Currently, areas that look promising, experts say, include biotechnology funds (for the long haul), real estate funds, and energy (or natural resources) funds.

Sheldon Jacobs, who publishes the No-Load Fund Investor, a market newsletter, is not a fan of sector funds, since they can play havoc with a small investor's portfolio "and are not really diversified," as mutual funds are designed to be, he says.

Yet, he says, for people who time the market, or are enamored with certain industries, they can be useful.

"If you really like a specific sector, you don't have to buy one or two companies in that sector. With a sector fund, you can buy all the major companies in the sector, and leave the stock-picking to an expert," he says.

Mutual-fund companies known for sector funds include Fidelity, T. Rowe Price, and Invesco. Fidelity, of course, has "written the book" on the funds, one analyst says with a laugh. Fidelity's "Select" group has funds that invest in leisure, paper and forest products, and transportation, to name just a few.

Currently, most sector funds are in the red - many of them in deep territory, according to information firm Morningstar Inc., in Chicago. Health funds are down l6 percent through July 30; communication funds are down 25 percent; technology down 33 percent. Even natural resource funds, which did relatively well last year, are down almost 8 percent.

The real estate sector is one of the few sectors making gains, up about 6 percent through July 30. (Only 23 percent of stock funds posted positive gains during the first half of the year, according to Weiss Ratings Inc., a provider of mutual fund ratings and analysis.)

Still, it's important to remember that the US economy is not one monolithic whole, says Arnold Kaufman, editor of "The Outlook," an analytical review published by Standard & Poor's Corp. At any point in time, some sectors will do better than others, he says.

Looking ahead, some attractive areas, says Mr. Kaufman, include consumer cyclicals (such as cars and home furnishings), specialty retailers, oil and gas companies, and specialized healthcare companies geared to the aging of the US population, he says.

"We think the [stock] market in general will improve later this year," Kaufman says. "Therefore, in picking sectors you want to look for sectors that do well in the early stages of a recovery, such as the home-furnishing area," which includes stores such as Home Depot.

For all their drawbacks, sector funds have fans. Aficionados tend to be market timers, short-term "performance chasers," or industry buffs, says Russ Kinnel, who heads up equity research for Morningstar.

One advantage of buying such a fund, he says, is that if you are already broadly diversified - but find a hole in your overall coverage - you can pick up that gap with a sector fund.

For example, you may not have enough in financial stocks, he says, which have done well in recent years. With a sector fund, you are immediately covered.

Moreover, the managers of such funds tend to be highly competent regarding their fields, Mr. Kinnel says, something that would be impossible for most small investors to achieve.

Still, the number of targeted funds (in the hundreds when micro-focused specialty funds are taken into account, although specific counts are hard to come by, given fund mergers) has been slowly shrinking in the past few years, he says.

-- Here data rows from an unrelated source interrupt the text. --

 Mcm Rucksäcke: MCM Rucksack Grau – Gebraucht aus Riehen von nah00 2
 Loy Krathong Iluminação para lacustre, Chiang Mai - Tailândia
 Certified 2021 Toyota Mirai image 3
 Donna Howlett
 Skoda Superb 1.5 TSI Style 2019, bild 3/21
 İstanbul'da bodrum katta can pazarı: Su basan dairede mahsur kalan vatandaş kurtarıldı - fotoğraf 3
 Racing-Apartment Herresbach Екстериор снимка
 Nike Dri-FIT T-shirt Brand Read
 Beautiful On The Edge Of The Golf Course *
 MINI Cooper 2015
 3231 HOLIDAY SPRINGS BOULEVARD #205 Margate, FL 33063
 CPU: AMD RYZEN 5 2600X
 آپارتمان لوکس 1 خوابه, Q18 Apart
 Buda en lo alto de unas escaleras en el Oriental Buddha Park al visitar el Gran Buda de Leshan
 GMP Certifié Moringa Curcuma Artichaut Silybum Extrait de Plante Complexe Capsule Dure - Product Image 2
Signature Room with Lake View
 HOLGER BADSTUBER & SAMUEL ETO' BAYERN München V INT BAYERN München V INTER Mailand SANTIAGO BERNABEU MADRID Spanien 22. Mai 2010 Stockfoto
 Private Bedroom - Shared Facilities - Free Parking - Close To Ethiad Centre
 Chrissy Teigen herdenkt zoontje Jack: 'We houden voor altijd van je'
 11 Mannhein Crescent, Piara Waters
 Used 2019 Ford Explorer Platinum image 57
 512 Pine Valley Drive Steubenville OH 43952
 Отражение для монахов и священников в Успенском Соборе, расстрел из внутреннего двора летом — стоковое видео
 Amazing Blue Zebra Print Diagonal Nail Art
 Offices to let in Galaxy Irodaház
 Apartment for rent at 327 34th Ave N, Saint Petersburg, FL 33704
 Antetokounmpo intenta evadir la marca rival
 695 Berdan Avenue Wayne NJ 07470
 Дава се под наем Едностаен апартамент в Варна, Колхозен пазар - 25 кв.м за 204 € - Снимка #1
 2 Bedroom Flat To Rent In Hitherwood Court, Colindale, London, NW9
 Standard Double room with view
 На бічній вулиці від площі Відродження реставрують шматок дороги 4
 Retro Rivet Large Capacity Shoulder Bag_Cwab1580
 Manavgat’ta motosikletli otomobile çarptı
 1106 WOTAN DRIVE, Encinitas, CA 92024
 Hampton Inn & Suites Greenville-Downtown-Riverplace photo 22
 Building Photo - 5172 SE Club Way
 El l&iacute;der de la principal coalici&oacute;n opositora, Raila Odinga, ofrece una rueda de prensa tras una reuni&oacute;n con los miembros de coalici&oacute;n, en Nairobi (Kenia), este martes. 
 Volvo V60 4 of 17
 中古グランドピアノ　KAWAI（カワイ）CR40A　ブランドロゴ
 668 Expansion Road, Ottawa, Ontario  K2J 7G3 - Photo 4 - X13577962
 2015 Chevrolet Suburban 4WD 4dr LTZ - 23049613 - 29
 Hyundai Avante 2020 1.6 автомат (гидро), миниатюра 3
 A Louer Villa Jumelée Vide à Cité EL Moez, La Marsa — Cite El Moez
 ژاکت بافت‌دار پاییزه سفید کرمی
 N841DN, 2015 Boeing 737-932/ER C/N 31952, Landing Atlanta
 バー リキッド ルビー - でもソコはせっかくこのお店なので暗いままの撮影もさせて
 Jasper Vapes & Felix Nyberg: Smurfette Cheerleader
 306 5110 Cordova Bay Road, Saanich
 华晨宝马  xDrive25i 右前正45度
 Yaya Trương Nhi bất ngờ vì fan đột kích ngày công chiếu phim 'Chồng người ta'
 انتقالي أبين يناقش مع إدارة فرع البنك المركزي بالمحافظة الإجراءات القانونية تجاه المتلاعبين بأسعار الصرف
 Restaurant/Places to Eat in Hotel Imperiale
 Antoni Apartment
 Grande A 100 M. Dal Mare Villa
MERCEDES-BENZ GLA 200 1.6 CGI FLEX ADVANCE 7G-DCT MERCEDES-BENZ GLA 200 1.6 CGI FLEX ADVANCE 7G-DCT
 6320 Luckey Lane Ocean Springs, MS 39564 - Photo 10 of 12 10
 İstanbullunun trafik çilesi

In part, that reflects not only changes in the economy, but a perception by mutual fund companies that they may have overdone their own rosters of specific industry funds, Kinnel says.

"In general, most people are probably better served by buying well diversified general stock funds, rather than sector funds," says Kinnel.

"It's hard enough just to follow the overall market and all the diversified [mutual] funds," without also having to second guess what may or may not happen with sector funds, says Mr. Jacobs. Like Kinnel, he votes for owning a well-diversified fund, rather than going the sector-fund route.